What’s the difference between rolling a die and drawing a card? Maybe more than you realize.
In my day job, I design casino games, so I spend a lot of time around cards, dice, and other instruments of randomness. Rolling a die is a classic example of picking with replacement, meaning the pool of possible outcomes remains the same from pick to pick. Drawing a card is a classic example of picking without replacement, meaning the pool of outcomes dwindles with each pick. This difference alone leads to many benefits and drawbacks for dice and cards. The next time you are trying to choose the right mechanic for your game, here are some things to consider:
Rolling a Die
Streaks are possible.
Yes, you could keep rolling double sixes! Ever play craps? It can be crazy fun if the current shooter is on a hot streak. It’s hard to get that “hot streak” feeling from cards.
Cards have to be shuffled to be random, but a die is instantly ready. There are no questions about whether the die was “shuffled enough”. Try this test. If someone offered you a 50/50 chance to win $100, would you rather roll a 1, 2, or 3 on a die, or draw a red card from a shuffled standard deck? Probably, you would choose to roll the die. Who knows how the cards were shuffled? How well do you trust the person who shuffled the cards? Are there any cards missing? The die just comes with less baggage.
Easy to see all possible outcomes and their relative odds
Want to know what outcomes you can get on a die? Just pick it up and look at every side. If a symbol appears on multiple sides, you can easily understand the better odds for that outcome.
Rolling is more fun than drawing
Cards just don’t have that same level of physical appeal. It feels like you have a better chance at controlling your destiny by rolling a die than simply drawing the next card from the top of your deck.
Who doesn’t love chucking a huge wad of dice?
No outcome is guaranteed to happen, or may occur at an unexpected frequency
Ever had a night when the dice just didn’t go your way? While it’s fun to roll double sixes six times in a row, it’s equally frustrating to roll snake eyes consistently. Dice can frustrate gamers to no end if they played perfect strategy but the dice consistently went against them.
Number of possible outcomes is limited to the sides of the die
The standard die obviously only has six sides, so there are only so many outcomes you can get from a die. You could certainly change the die you are using to a D10 or a D20, but the sides will get smaller and smaller, so custom dice with so many sides would likely be impractical.
The outcomes are baked into the die and impossible to change
Want to change the odds of certain outcomes happening mid-game? That’s hard to do with dice given their fixed nature. You would need the help of other components.
A die can never offer more favorable odds
A die can never be in a “juiced” state where better outcomes are more likely. That’s because a die has no concept of previous history while a deck of cards does.

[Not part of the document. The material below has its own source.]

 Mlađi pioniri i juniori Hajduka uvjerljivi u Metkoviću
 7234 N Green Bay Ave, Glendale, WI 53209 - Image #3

Mitigating the Luck of the Die
Yahtzee is the most famous dice game where you get up to 3 rerolls on your dice before your dice are locked. That mechanic has been used far and wide, most notable in games like King of Tokyo.
Earn More Dice
Games such as Roll through the Ages and To Court the King let you earn more dice over the course of the game. Obviously, the more dice you roll, the better chance you will get what you want.
Adjusting a result
Don’t like the way dice rolled? There are lots of games that allow players to modify the die result, usually be +1 / -1. A game like Eldritch Horror allows players to gain equipment and allies which automatically improve dice rolls. A game like Castles of Burgundy let players spend a worker to change a die roll by 1.

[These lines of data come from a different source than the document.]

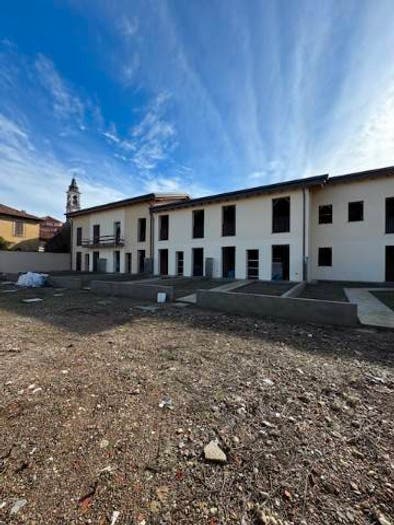 Casa trilocale in vendita in Via San Gregorio, Centro, Cuggiono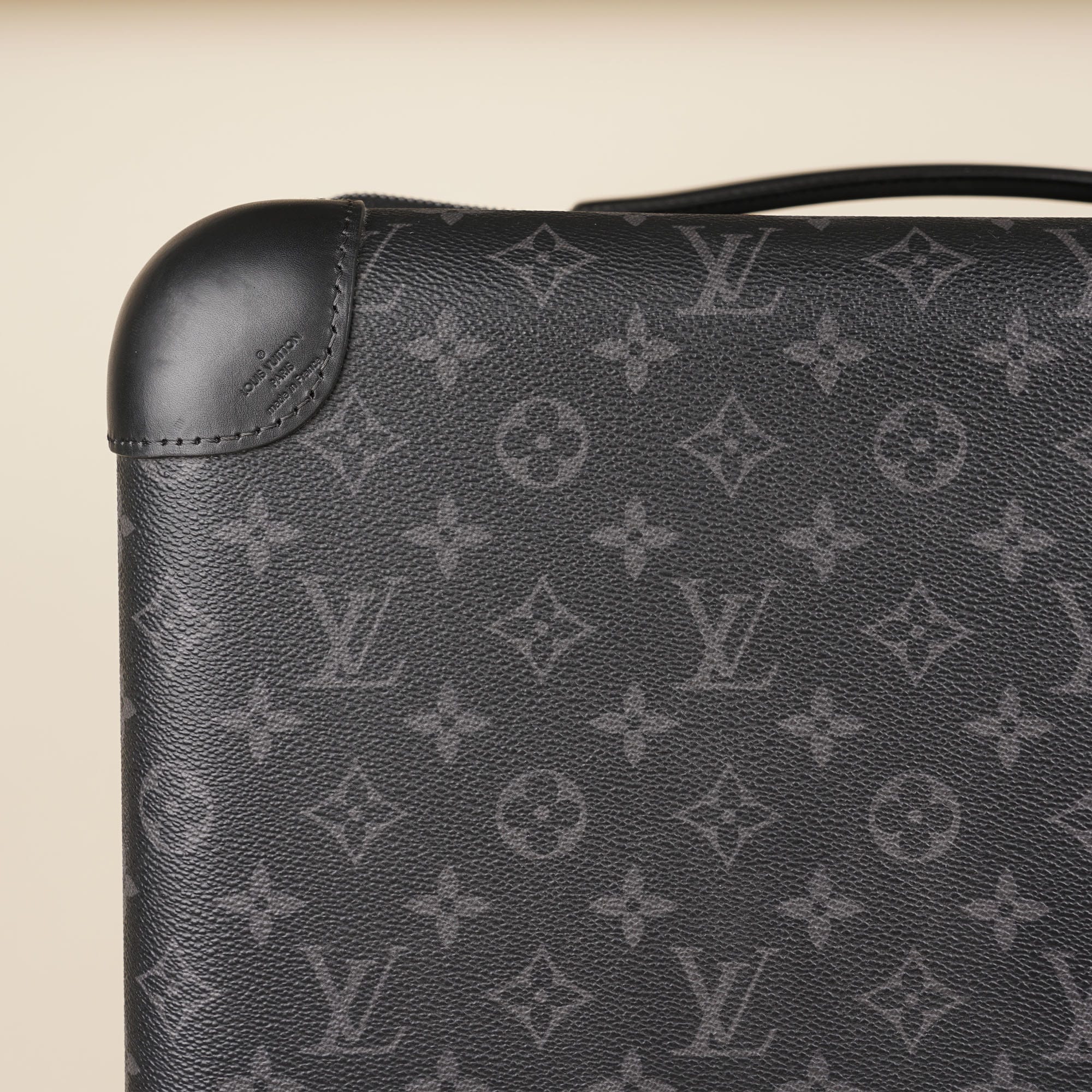 Horizon 70 Suitcase - LOUIS VUITTON - Affordable Luxury image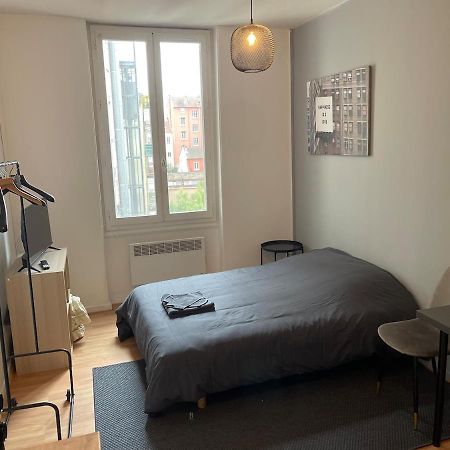 Studio Hotel Villeurbanne Centre Bagian luar foto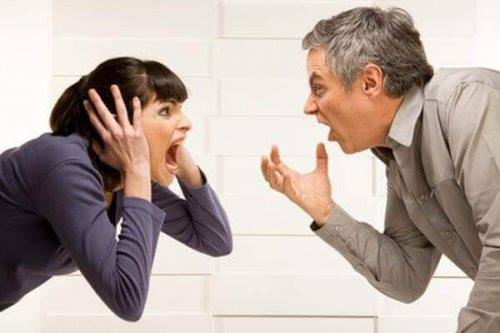 coppia-violenza-verbale
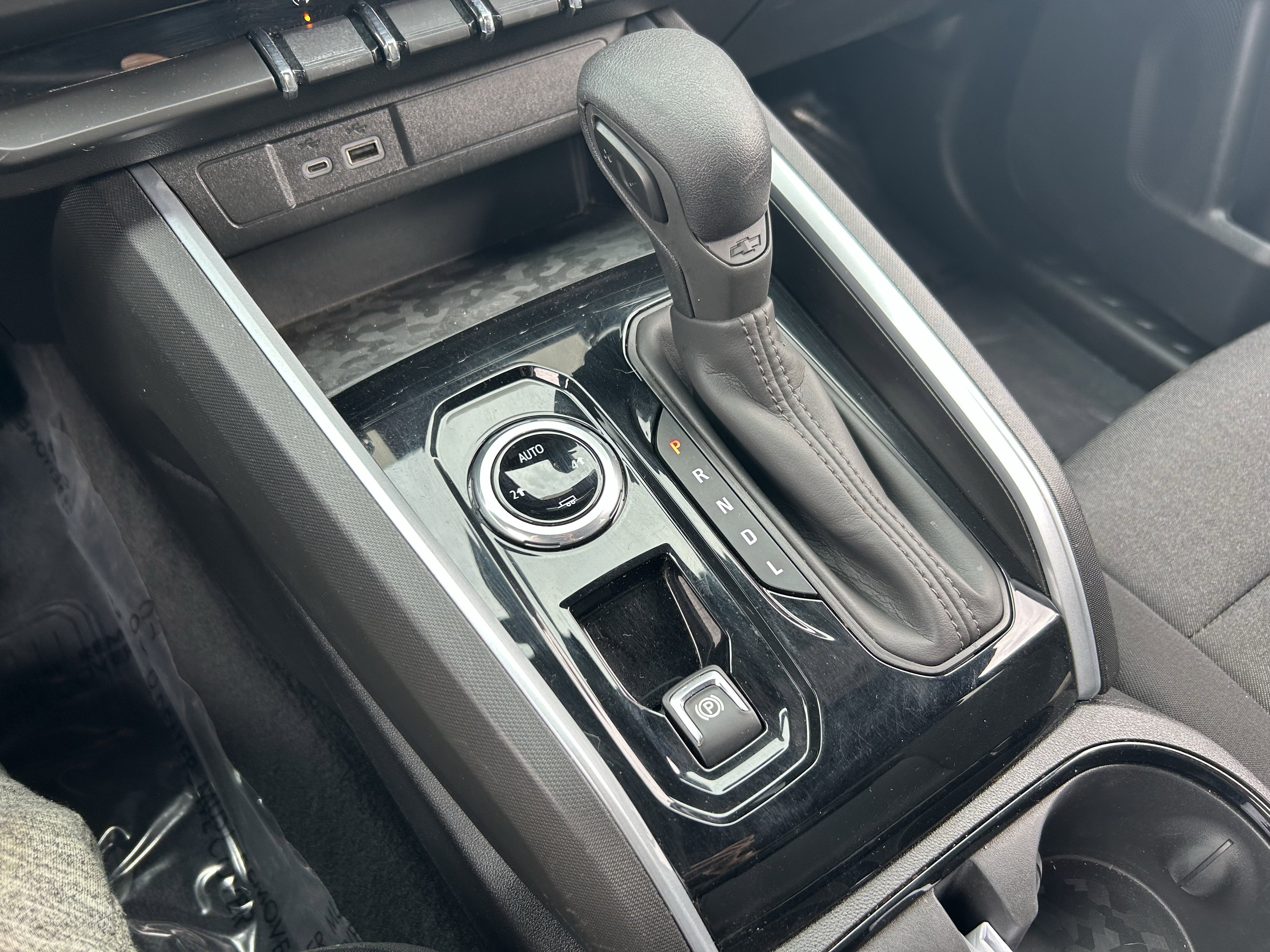 Used 2023 Chevrolet Colorado W/T image 16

In some games, a pool of dice are rolled and players take turns drafting from that pool, such as Yspahan. In other games, you can choose which custom dice to add to your pool of dice such as Quarriors. In Formula D, you can choose which type of die to roll (D6, D10, D20, etc.) and that affects how fast you go, but also how likely you are to crash your race car.

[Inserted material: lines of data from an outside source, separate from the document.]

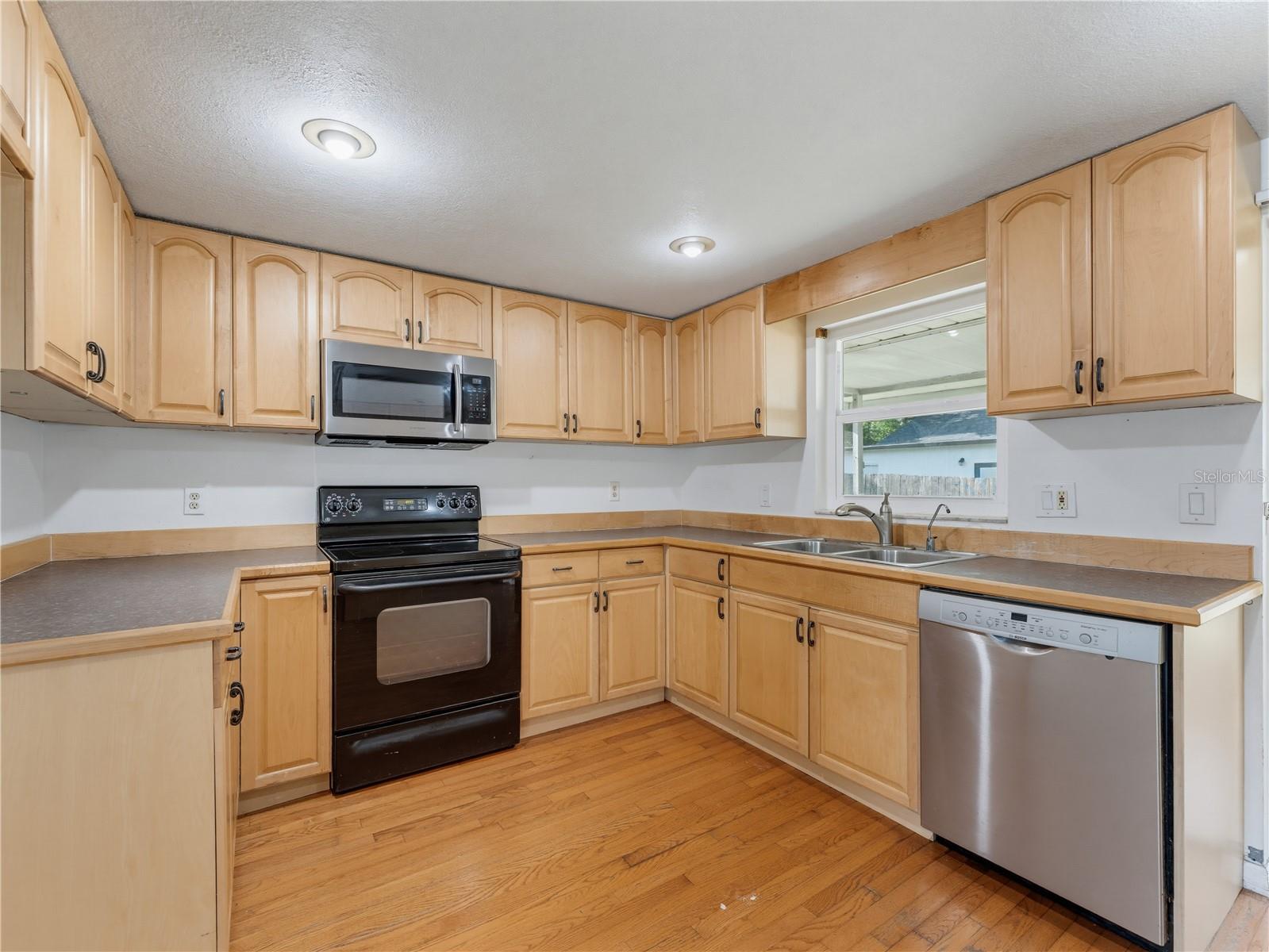 1116 E OAKWOOD ST — photo 21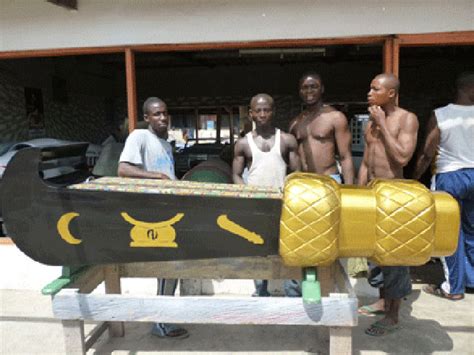 Ghanaian Tribe Celebrates Death By Being Buried In Very Unusual Coffins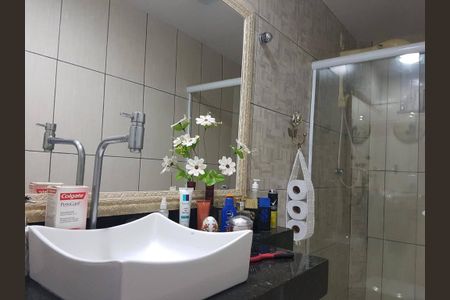 Banheiro de casa de condomínio à venda com 3 quartos, 200m² em Taquara, Rio de Janeiro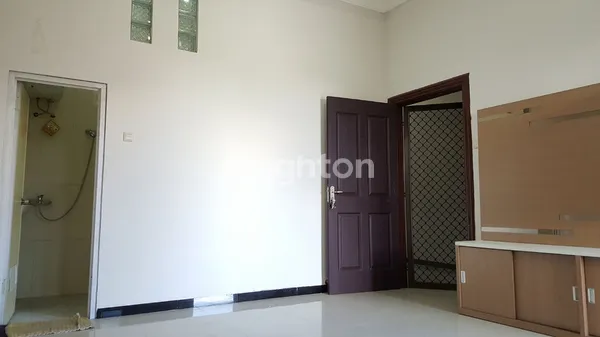 image RUMAH 2 LANTAI MODEL MINIMALIS (KONDISI 75%) DEKAT RAYA MULYOSARI SUTOREJO WISMA PERMAI PAKUWON CITY DHARMAHUSADA GALAXY MALL MERR (3)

In some games, there are many uses for a given die, some requiring a low number and others a high number. In this way, any roll could be a good roll as it could be good for at least one kind of action. I like how many ways dice can be used in the Castles of Burgundy and higher or lower numbers are not necessarily better.
Drawing a Card
All outcomes are guaranteed to happen at some point and occur with expected frequency
If you have a killer card in your deck, you know it’s guaranteed to appear in your hand eventually. That’s a big difference with a die. If your killer move is on a die face, that die face may never be rolled.
The remaining elements in the deck may be extra favorable
Ever play Dominion and realize you haven’t seen your best cards yet? As the deck dwindles and your best cards still haven’t appeared, you realize your next few hands will be epic. That can provide a lot of anticipation as you draw each new card into your hand.
Offers greater possibility of variability—put any number of different cards in the deck that you want
Designing a card game offers tons of flexibility compared to a dice game. You want to add a new outcome type—just throw a new card in the deck. You can easily add and remove cards.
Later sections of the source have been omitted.